Task objective:
What you return must match the records word for word, except that images are dropped.

Provided data:
--- START ---

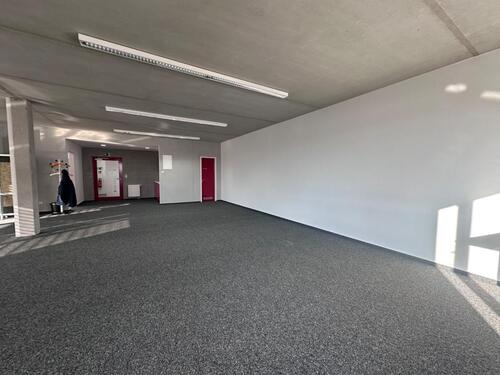Foto - Büro zu vermieten - 1.100,00&nbsp;EUR Kaltmiete, ca.&nbsp; 150,00&nbsp;m&sup2;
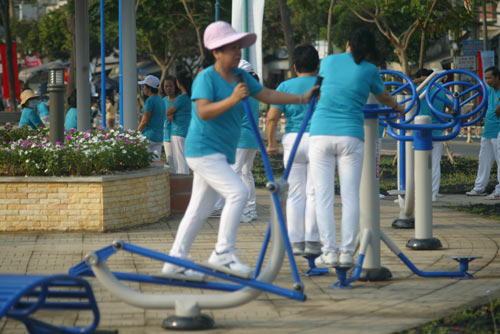 Bụng 6 múi mà không cần tập tạ - 7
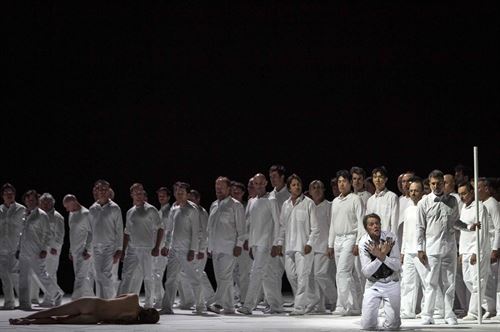 Un toro en la ópera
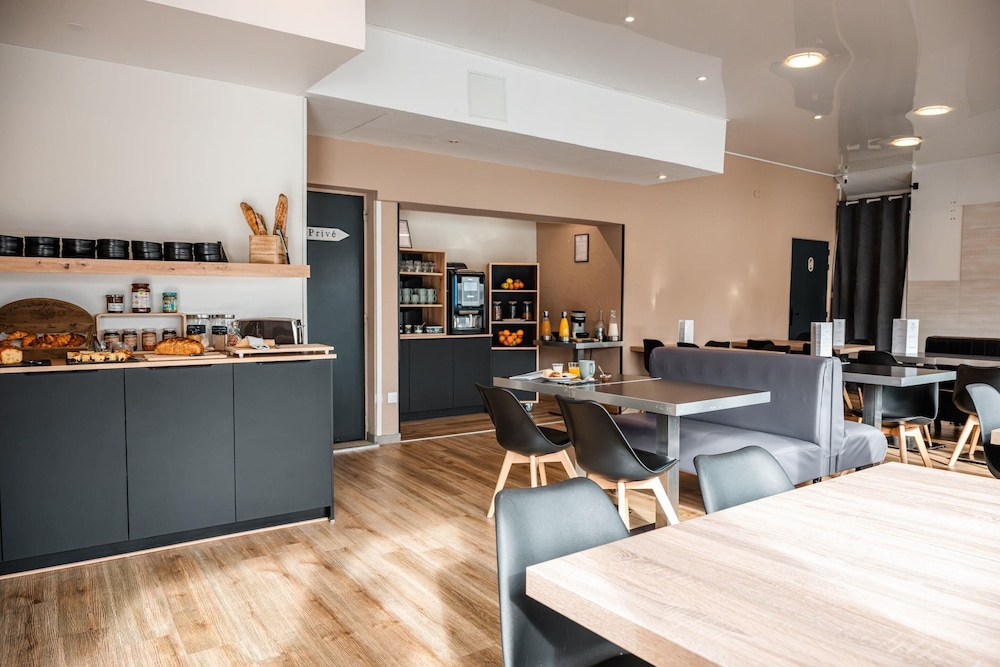 Brit Hotel Guingamp L Armor 36/50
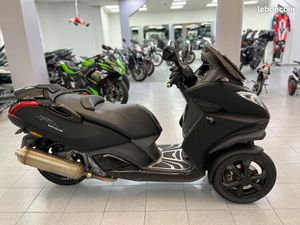 PEUGEOT METROPOLIS 400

--- END ---

Your solution:
Foto - Büro zu vermieten - 1.100,00&nbsp;EUR Kaltmiete, ca.&nbsp; 150,00&nbsp;m&sup2;
 Bụng 6 múi mà không cần tập tạ - 7
 Un toro en la ópera
 Brit Hotel Guingamp L Armor 36/50
 PEUGEOT METROPOLIS 400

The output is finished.